Research

Dynamics of aperiodic elastic lattices

Aperiodic structures are organized, deterministic systems that are not periodic. These systems present attractive architectures for material design due to their compelling localized dynamics and structural properties which differ from their fully periodic or amorphous counterparts. Our group investigates these features by designing non-Euclidean and non-integer dimensional structures, such as hyperbolic and fractal lattices. Through theoretical and experimental investigations, we uncover novel passive localized wave phenomena owing to the unique architectural arrangements of these structures. Notable features include frequency-dependent localized wave propagation in hyperbolic lattices, which are preserved in the conformal mapping of these structures to beam-like domains.
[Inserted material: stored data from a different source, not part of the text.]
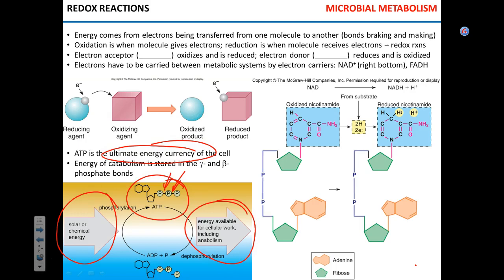Energy from nutrients is used to produce ATP, and ATP is a storage of energy in the gamma and beta phosphate bonds. The gamma bond stores the highest amount of energy, so when that bond is broken, the energy released can be used for reactions in the cell.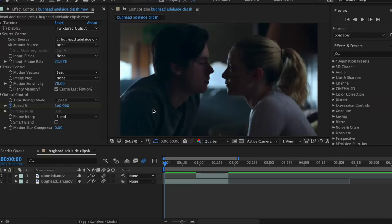Hey guys, it's Lauren. Today is part two to my unique transition combinations video. Most, if not all of these transitions can be found in my recent edit, so go check that out if you want to. All right, let's get right into it.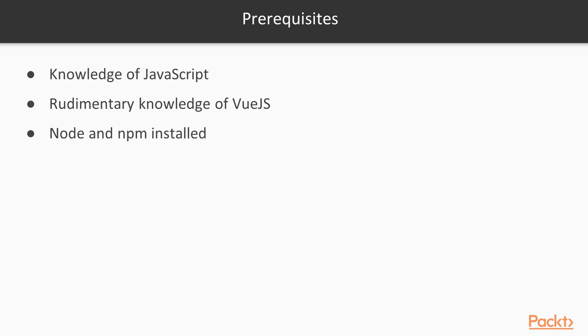This course is designed for people who already know JavaScript and have thrown a glance at Vue.js's Get Started page. There are no specific hardware or operating system requirements. As long as you can run Node.js and npm on your command line, you'll be fine.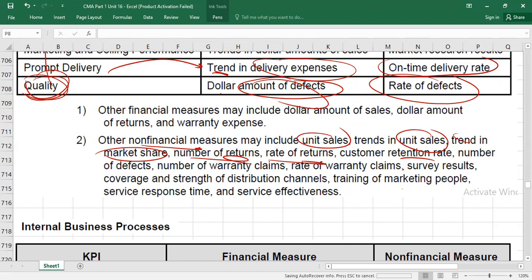For example, to measure customer satisfaction from different angles: we can check the number of customer complaints — if complaints have reduced, customers are satisfied; if they have increased, they are dissatisfied. We can use warranty expense — if warranty cost has increased, they are dissatisfied. We can use the dollar amount of sales — if sales have increased, customers are satisfied. We can also check the number of units sold. One KPI measured from different angles is called functionality.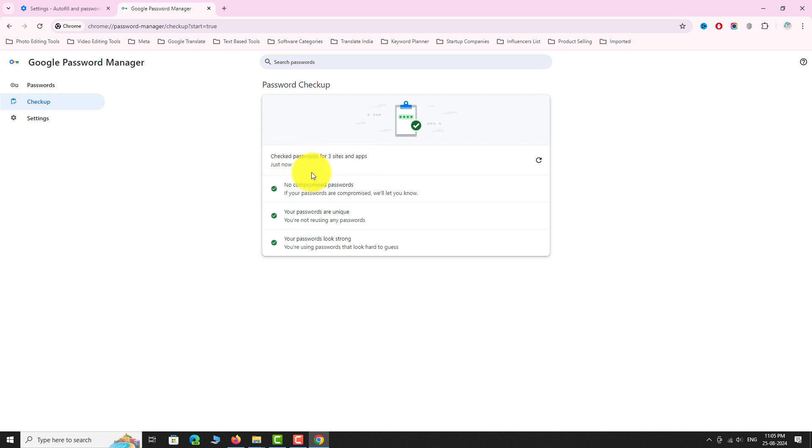If any of your passwords are compromised, you will be notified with a warning message.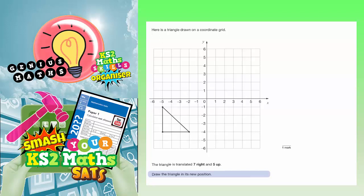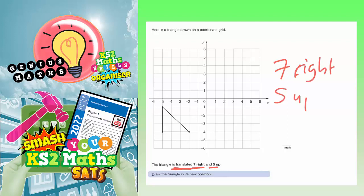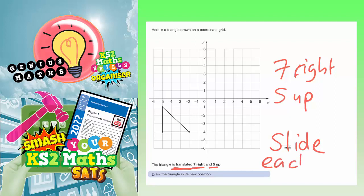Question 7. Here is a triangle drawn on a coordinate grid. The triangle is translated 7 to the right and 5 up. The word 'translated' basically means it's an instruction for what you do to each corner — each corner needs to slide. Translate is almost a posh word for slide. So we need to slide each corner of the triangle 7 to the right and 5 up.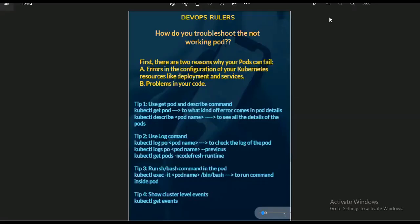Hey guys, this is the second video in which we are going to cover a few other different sets of interview questions. These are very important questions which interviewers mostly ask. The first question is about how you will troubleshoot pods in Kubernetes which are not working, or how you handle pods in a Kubernetes cluster, or how you debug and fix issues with pods that are not working properly.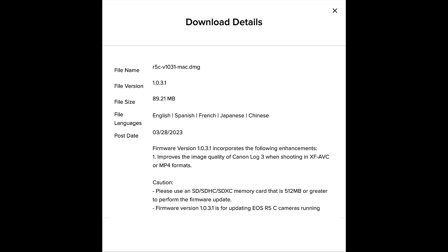That firmware update improves the image quality of Canon Log 3 when shooting in XF-AVC or MP4 formats. There haven't really been many reviews and test videos with the R5C since it's now an older camera — it came out in early 2022, and at the time of recording this, it's late 2023.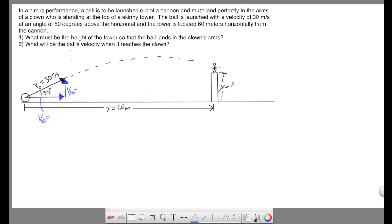Before we do anything, we need to break the 30 meters per second into x and y components using trig — just finding the sides of the triangle. For vx initial, we use cosine 50 times 30, which gives an x velocity of 19.284 meters per second. And our initial y velocity using sine gives vy initial of 22.981 meters per second.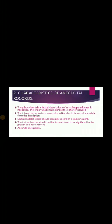Characteristics of anecdotal record: They should contain factual descriptions of what happened, when it happened, and under what circumstances the behavior occurred. These descriptions should be based on facts - what happened, when it happened, and under what circumstances the behavior occurred, meaning what situation, what conditions were there that the student behaved in that manner or reacted in that way.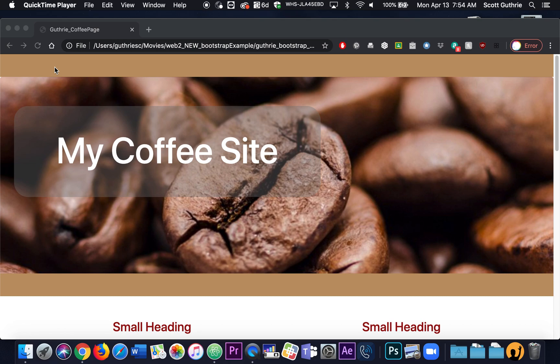Hey everybody, welcome to Virtual Learning 1.0 in Web 2. My hope is that people can use Atom — they can download Atom to a PC computer or a Mac computer. If you have a Chromebook, my hope is you can download the Google Chrome extension C-A-R-E-T.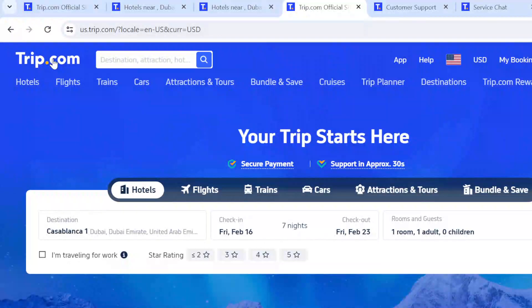How to join the Trip.com affiliate program. Hey guys, welcome to today's tutorial. Today I'll be teaching you how to join the Trip.com affiliate program, so if you don't know how to do this, make sure you watch this video to the end. The first thing you have to do is log into the Trip.com website.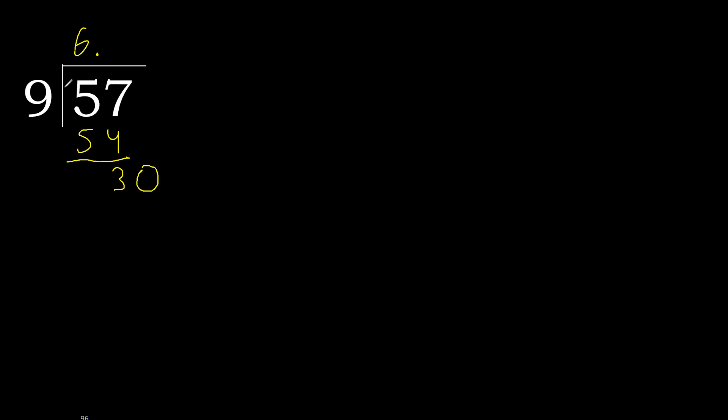30. 9 multiplied by 4 is greater. Multiplied by 3, 27, is not greater. Subtract, 3. Complete.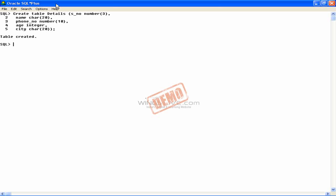Finally, this shows the result as Table Created. This means that we have created the table Details successfully.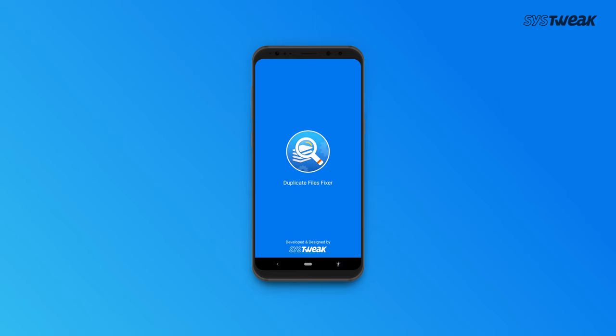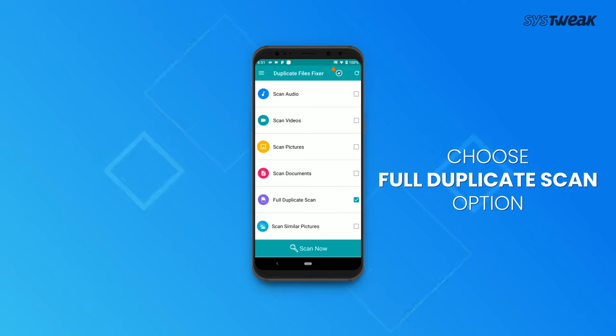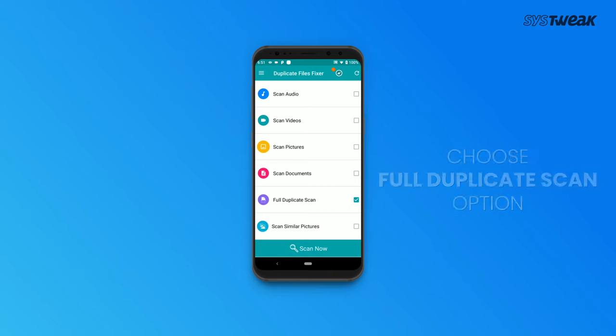Now you will see different types of scanning options. You can select them as per your requirement. For this video, we will be using the full duplicate scan option.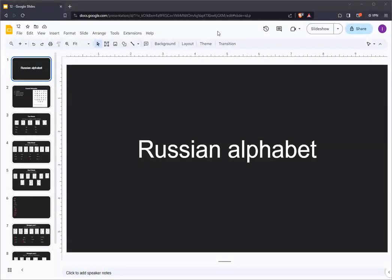Greetings. Today's lesson will be about the most basic fundamental of the Russian language, its alphabet.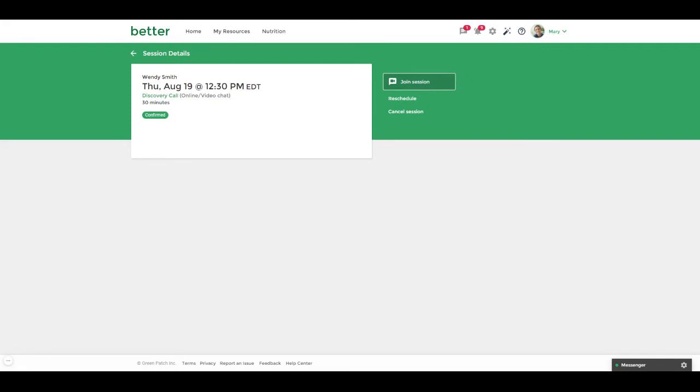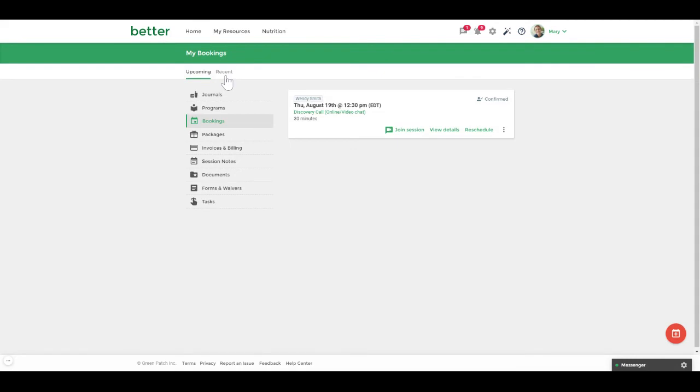Alternatively if you're not on the client portal dashboard you can always navigate to My Resources and then Bookings. You can then click on the join session button to join the session with your practitioner.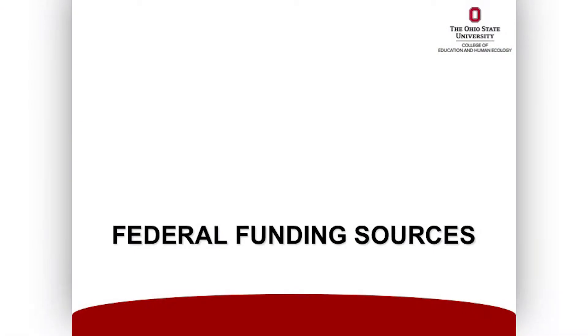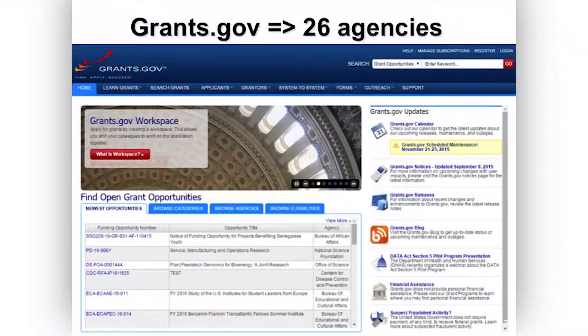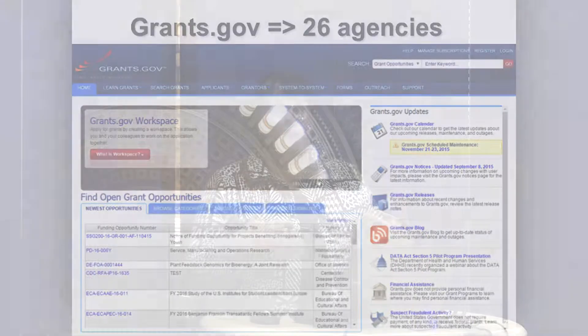Very quickly on federal funding — a lot of the questions we got when you registered and said barriers to finding funding, a lot of people said they don't even know where to start. Grants.gov — SPIN looks at Grants.gov, but there might be a multi-pronged approach in terms of finding your funding.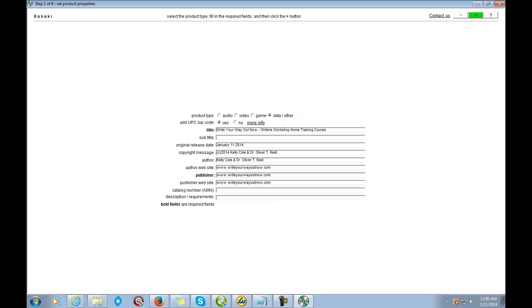No catalog number. Now it's asking for a description of requirements, so let me fill that in.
In fractal lattices, fractal spectral properties are observed with predictable spectral changes from lattice impurities which lead to fractal mode localization in space. This work ushers in a novel class of elastic metamaterials with highly localized states suitable for advanced wave control and vibration isolation.

Wave propagation through curved domains

This project advances our understanding of wave propagation in curved, thin elastic structures to enable the design of a new class of acoustic lenses and waveguides. Dynamic curvature reconfiguration is explored to induce a diversity of desired wave properties such as guiding, collimation, focusing and steering. Previously, gradient index materials produced by spatial variations of physical properties have received significant attention in optics and acoustics. Exploiting curved geometries broadens the design space while enabling advantages for reconfigurable acoustic devices otherwise unachievable. The key idea is that acoustic waves on thin shells tend to follow surface geodesics - curves on a surface that are locally the shortest paths between points - and that these geodesics diverge and converge according to the surface's intrinsic curvature. Our overarching objective is achieved via three aims that tightly integrate theory, design, fabrication, and characterization: 1) Understanding geometric lensing of acoustic waves on curved surfaces. 2) Designing acoustic waveguides for geometric lensing. 3) Reconfiguring shells to enable adaptive wave propagation.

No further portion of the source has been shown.